DataChat makes it easy to build and apply machine learning models. However, there are some best practices to keep in mind as you prepare your data and build your models.
Some best practices are only available or best accessed in Notebook mode.
Slice Data and Train Models for Each Unique Feature
Slice datasets by features that are highly heterogeneous and build a model for each slice. For example, predicting sales might benefit from building a model per region rather than one model for the entire country.
Remove Distracting Data
Drop or Keep distracting data that causes the model to focus on trends you don't care about. For example, when you're training a model to predict something per hour of the day, it might make sense to cut out evening hours or non-business hours so that day/night differences don't wash out more subtle trends during the day.
Use Lag or Window Columns to Focus Your Model
Create lag or window columns to help your model focus on specific trends within time series data. For example, a two week cycle can be emphasized with a column of the two week lag on the actual value.

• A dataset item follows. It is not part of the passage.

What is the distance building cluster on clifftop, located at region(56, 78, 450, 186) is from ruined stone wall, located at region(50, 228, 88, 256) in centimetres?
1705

Normalize Units of Measurement
Compute normalized units across columns so that regression models don't think large numbers in one feature are more important than small numbers in another. For example, if one column is measured in ounces and another is in pounds, you can normalize the two to both be in ounces or pounds.

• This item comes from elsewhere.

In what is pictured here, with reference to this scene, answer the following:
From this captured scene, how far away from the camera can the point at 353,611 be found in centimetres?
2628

Create Relevant Metrics Before Training
Combining columns into business-relevant metrics. For example, a pool may have water flowing in and water flowing out which are fairly stable in absolute terms, but the business relevant metric is actually the difference between the two indicating the pool filling or emptying.
Limit Your Training Data to a Subset of Features
Limit your initial columns to the ones that make intuitive sense. This reduces the effort for you and avoids overfitting the data by providing too many options.
Avoid Highly-Unique Features
Avoid using columns that have a lot of unique values. Models typically can’t find reliable trends in these columns without a lot more data.
Create Bins for Continuous Features
Bin continuous values (such as numbers) into 3-10 buckets rather than using them directly. Simple high, medium, and low bins are often a good place to start. For example, it might make sense to bin an "Age" column into common demographic buckets, such as 18-24, 25-34, 35-44, 45-54, 55-64, and so on.
Be Careful with Skewed Features
Be careful judging your results if your input data is heavily skewed. DataChat can compensate for this using industry standard techniques, but you should scrutinize the results more carefully.